- _Description of the task_: Task for the records below: copy exactly, and only, the line containing "Women's Pearl Detail" and every line after it to the end, with pictures left out.

- _Task inputs_:
== Segment start ==
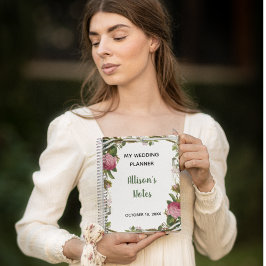 Cuaderno Personalización de la hoja verde floral Minimalist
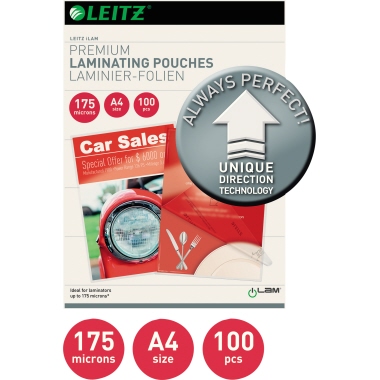 Leitz Laminierfolie A4 UDT 74830000 175mic glasklar 100 Stück
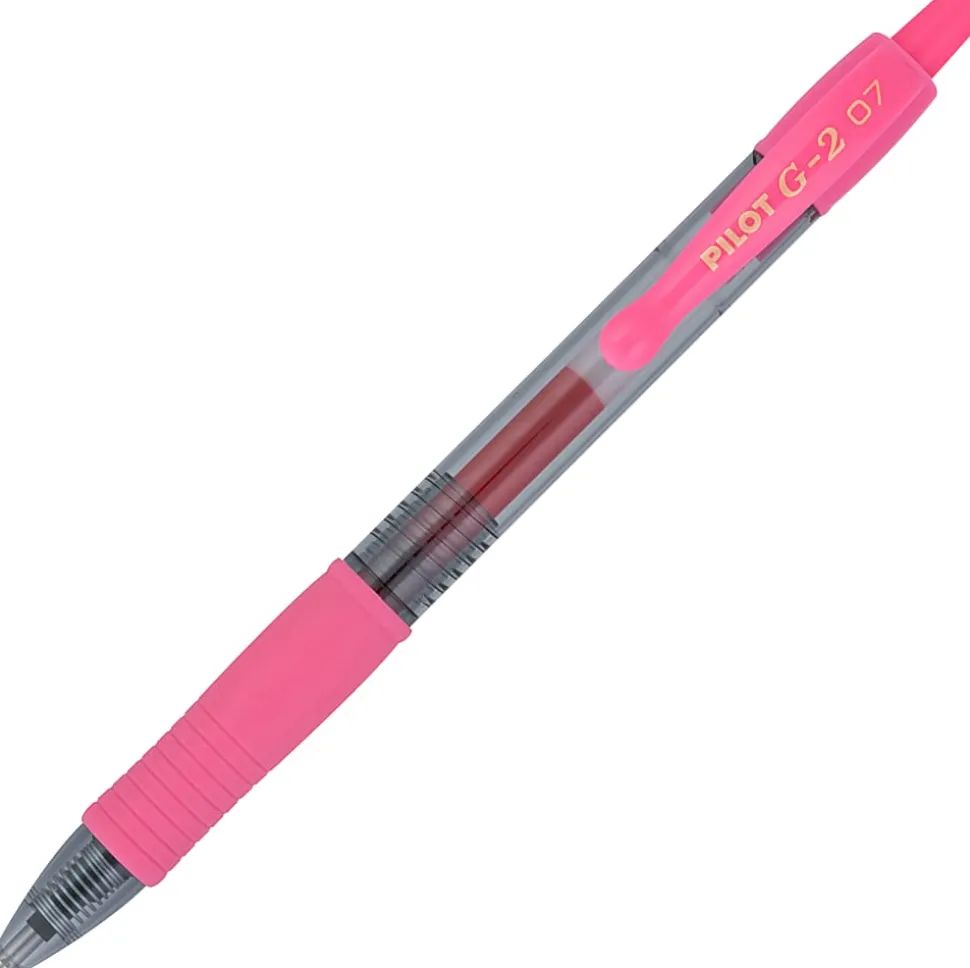 Pilot G2 Gel Pen, Fine Point, 0.7 mm, Clear Barrel, Blush Pink Ink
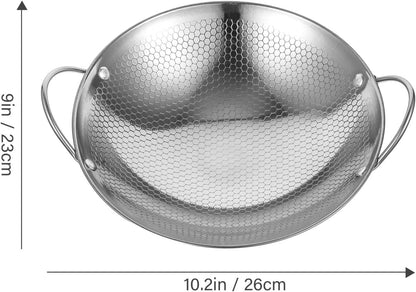 Hemoton Honeycomb Pot, Stainless Steel Paella Pan, Mini Korean Noodle Pot, Stir Fry Pans for Outdoor Cooking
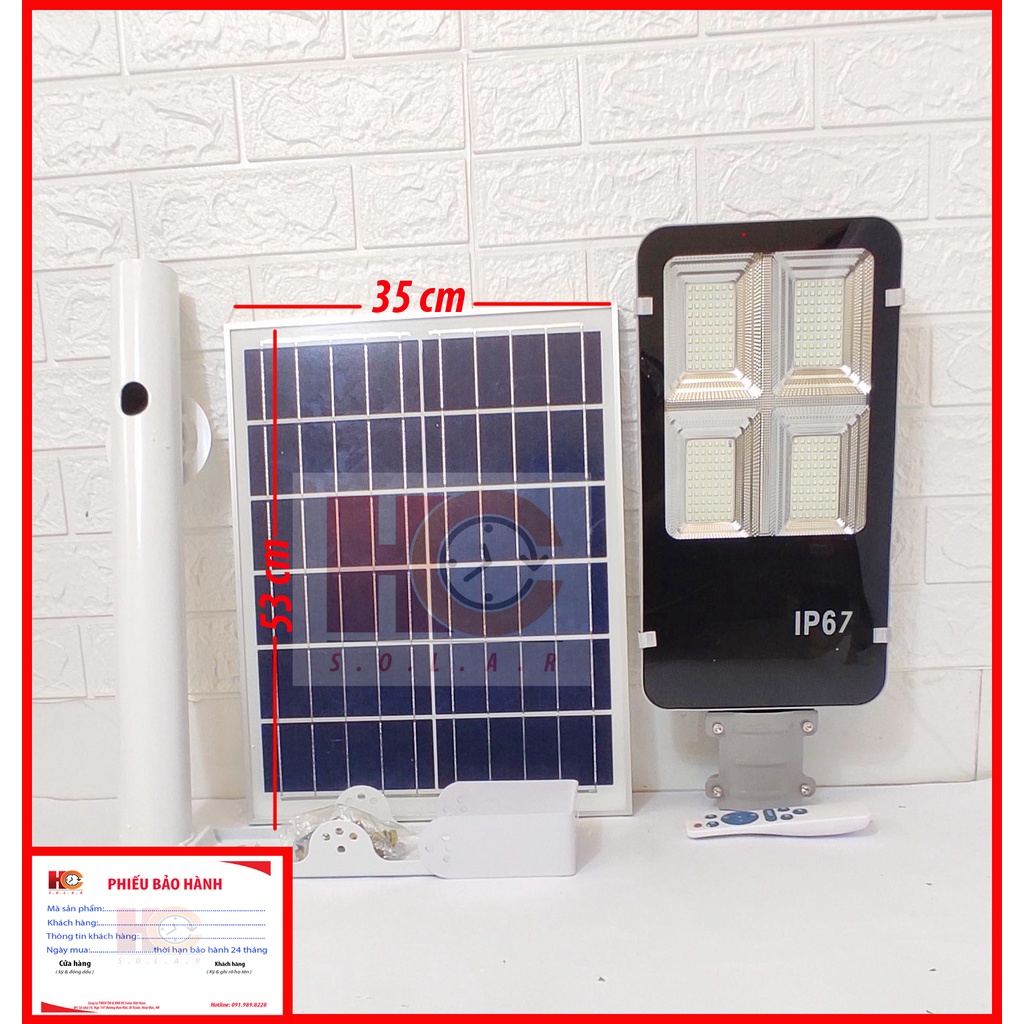 Đèn Led pha năng lượng mặt trời bàn chải HC SOLAR LIGHT 200W –  4 khoang, Vỏ nhôm, Tấm pin NLMT rời, Ánh sáng trắng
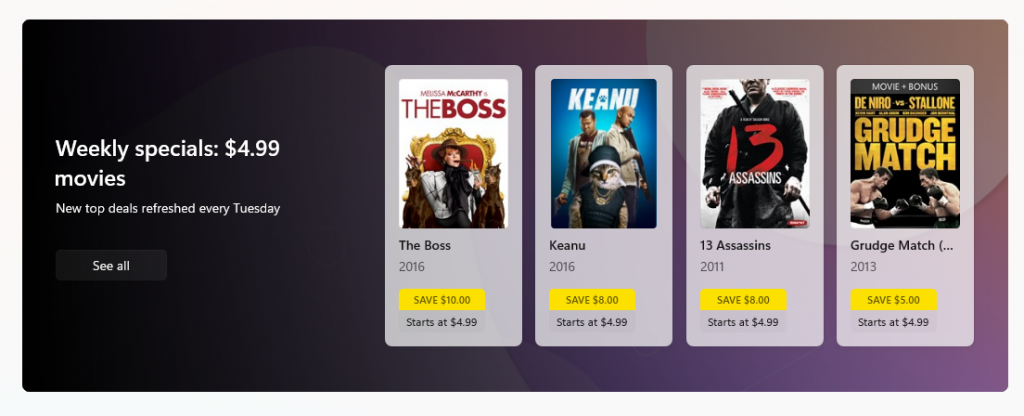 更新了 Microsoft Store 中的定价设计。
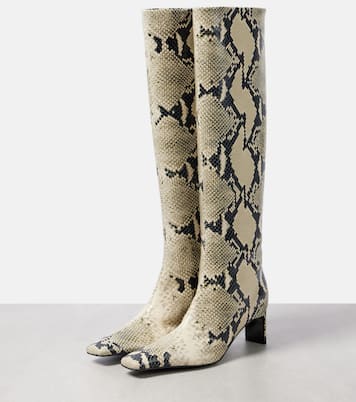 Ona 55 snake-effect leather knee-high boots | Khaite
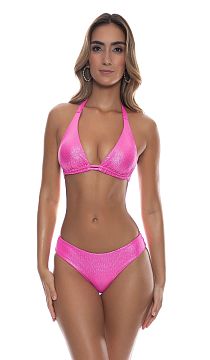 Лиф Luli Fama Luminous Triangle Halter Top Metallic Pink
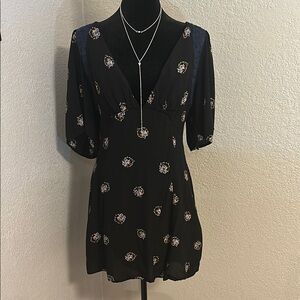 Free People Blue and Purple Mini floral lace dress. Casually or Dressy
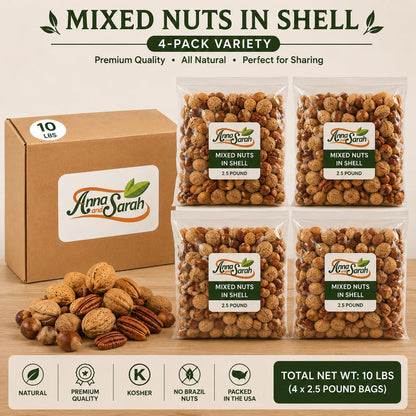 Premium Kosher Mixed Nuts in Shell, No Brazil Nuts – 10 lb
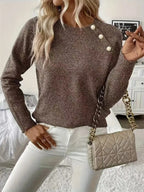 Women's Pearl Detail Sweater – Embellished Round Neck Knit Pullover
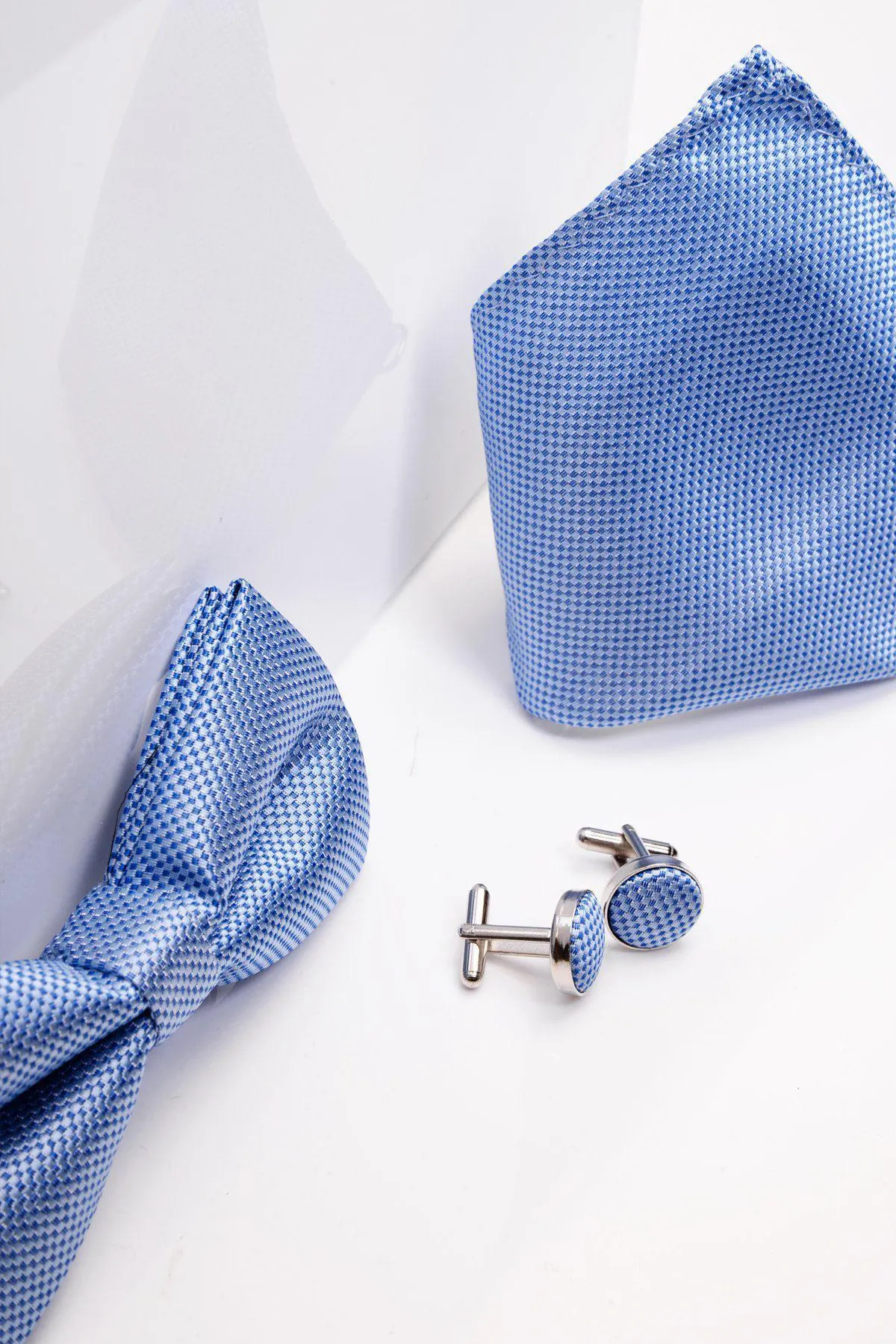 TB17 - Birdseye Print Bow Tie and Pocket Square Set In Blue sold by Marc Darcy product image thumbnail 2
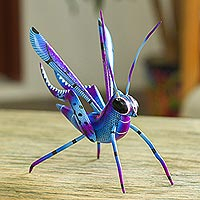 Featured review for Wood alebrije sculpture, Blue Good Luck Cricket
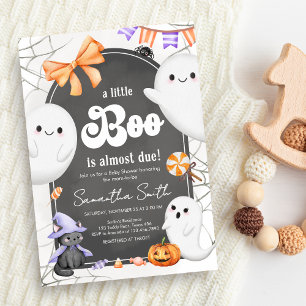 Halloween Little Boo Ghost Baby Shower Invitation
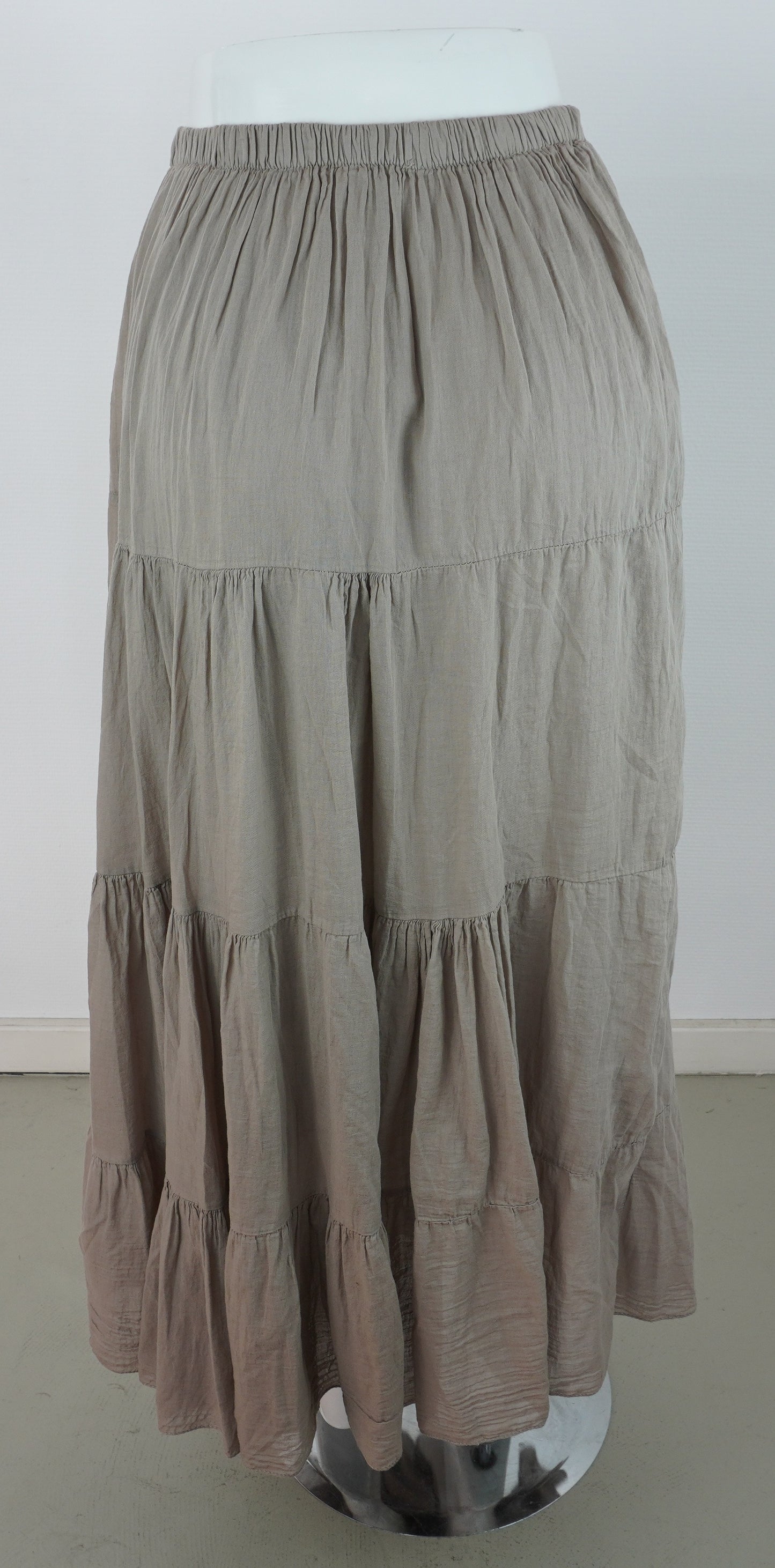 Sommerrock 100% Viskose – Greige/Taupe, Stufenrock mit Gummibund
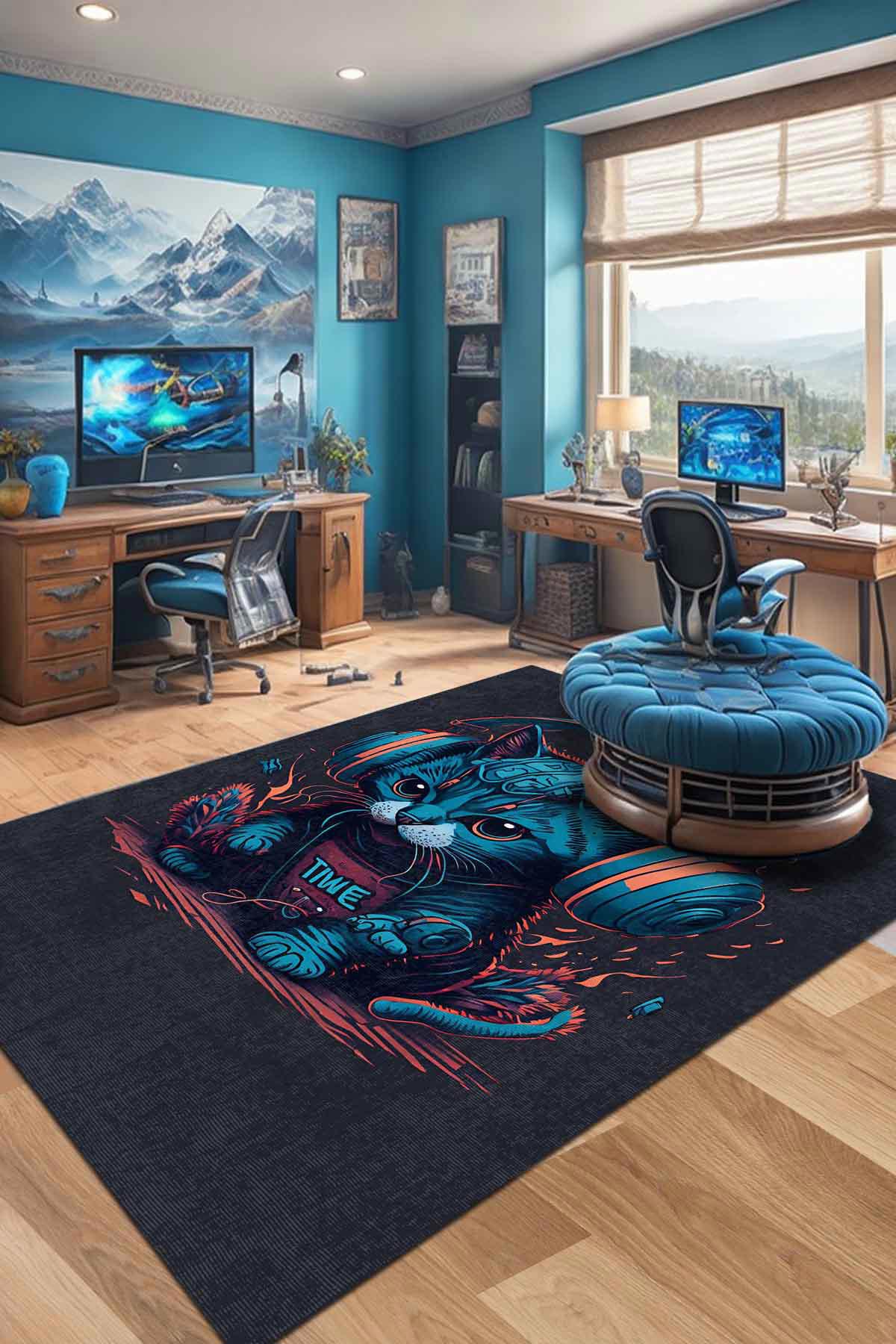 İlyaki Home Cat Peak Çok Renkli 0.8 mm Pamuk Antialerjenik Yıkanabilir Orta Kaymaz Pamuk Taban Dikdörtgen Makine Dokuma Genç Odası Halısı 140x220 cm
== Segment end ==
- _Task solution_:
 Women's Pearl Detail Sweater – Embellished Round Neck Knit Pullover
 TB17 - Birdseye Print Bow Tie and Pocket Square Set In Blue sold by Marc Darcy product image thumbnail 2
 Featured review for Wood alebrije sculpture, Blue Good Luck Cricket
 Halloween Little Boo Ghost Baby Shower Invitation
 Sommerrock 100% Viskose – Greige/Taupe, Stufenrock mit Gummibund
 İlyaki Home Cat Peak Çok Renkli 0.8 mm Pamuk Antialerjenik Yıkanabilir Orta Kaymaz Pamuk Taban Dikdörtgen Makine Dokuma Genç Odası Halısı 140x220 cm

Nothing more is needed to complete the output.